Polynesians (Maoris and Pacific islanders) have a high rate of criminality in Australia but that is normally kept from public consciousness by the customary media reluctance to make ethnic identifications. The group below seem mostly to be of Tongan origin. More background on them here. Anybody who knows Maoris well from personal experience (as I do) will be aware of their different ethical system. The whole idea of personal private property seems to be alien to most of them. If something is accessible to them they usually seem to think that they are entitled to have it
They were arrested at gunpoint but that was not enough to put fear into five teenage boys who allegedly rampaged through a school armed with baseball bats, machetes and samurai swords. The boys, aged 14 to 16, treated their arrest as a joke and even plotted further crimes while in police custody, a court was told yesterday. The allegations were made in documents tendered in Parramatta Children's Court outlining why the teenagers were refused police bail over an attack at Merrylands High School on Monday morning.

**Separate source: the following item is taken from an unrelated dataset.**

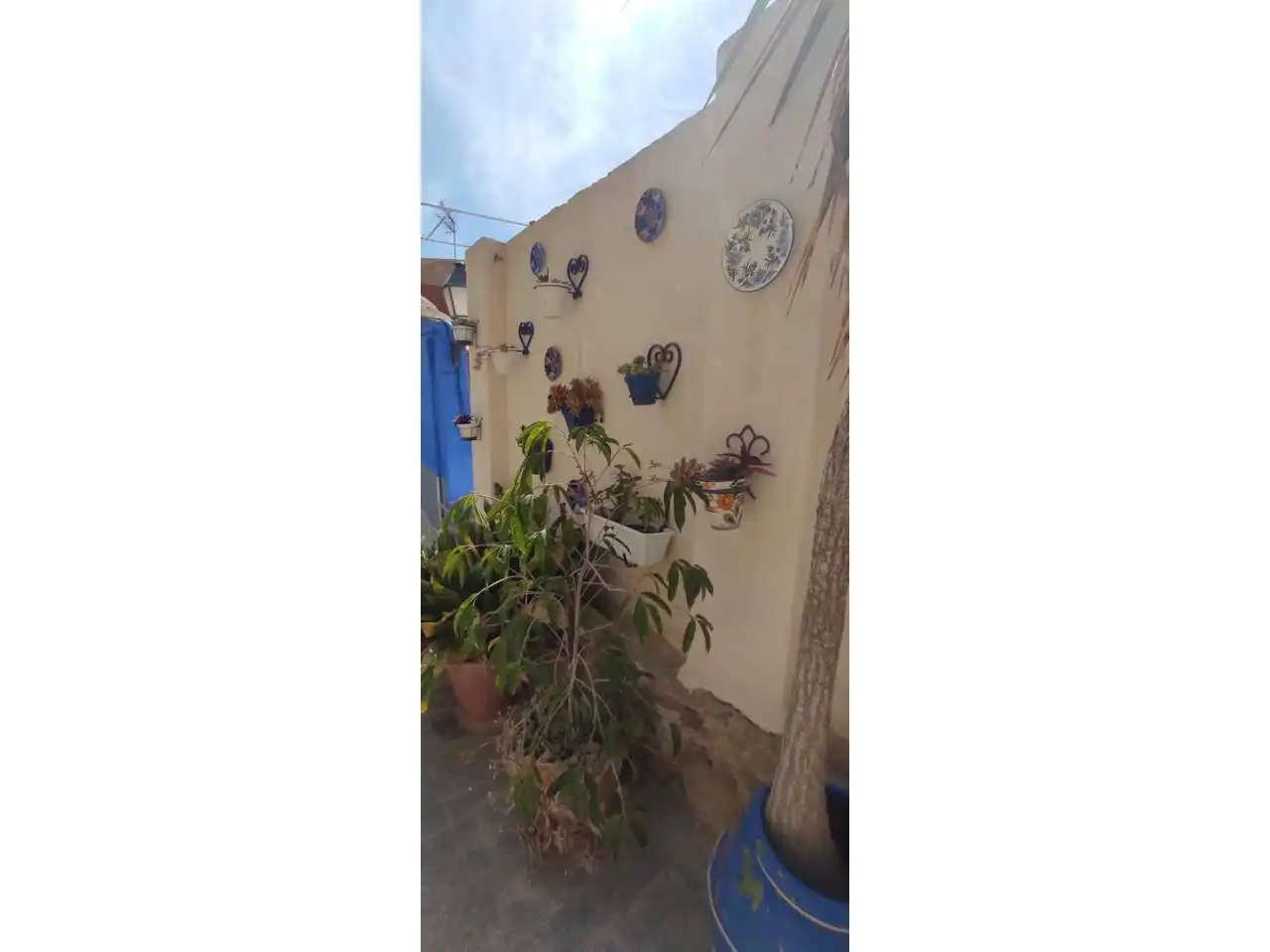 Jardí de Casa o xalet en venda en Alicante / Alacant amb Aire condicionat, Jardí privat i Terrassa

The teenagers refused to appear before a magistrate yesterday and were formally refused bail. They will face court again on May 22. A 14-year-old from Auburn, two 15-year-olds from Carramar and Merrylands, and two 16-year-olds from Merrylands and Seven Hills, face a total of 101 charges, including assault, affray, causing malicious damage of property worth more than $15,000, and participating in a criminal group. The teenagers allegedly stormed the school while an assembly was being held at 8.50am, forcing the school into lockdown before smashing their way into classrooms and assaulting students and teachers.
In the case of four of the boys - bail documents regarding a fifth were missing - police alleged each offender had treated police with contempt. "The young person has shown no remorse," police wrote on a bail form. "While in custody he treated the matter as a joke and used his time in custody to plan further criminal enterprises."
The documents alleged the teenagers showed "contempt" towards the community and police. "The premeditated actions of the the young persons were an attack on one of the rights and freedoms enjoyed by Australians on a daily basis - to attend school in an atmosphere of safety and security. "The damage inflicted by the young persons will take years to repair." While the boys were being taken from the court complex, one of them gave a rude gesture to waiting media.
As authorities yesterday began a review of security at Merrylands High School, the State Government moved to shore up laws against school invaders. Premier Morris Iemma said he had asked Attorney-General John Hatzistergos to consider a new offence of damaging property "in company" in schools, carrying a much stiffer penalty.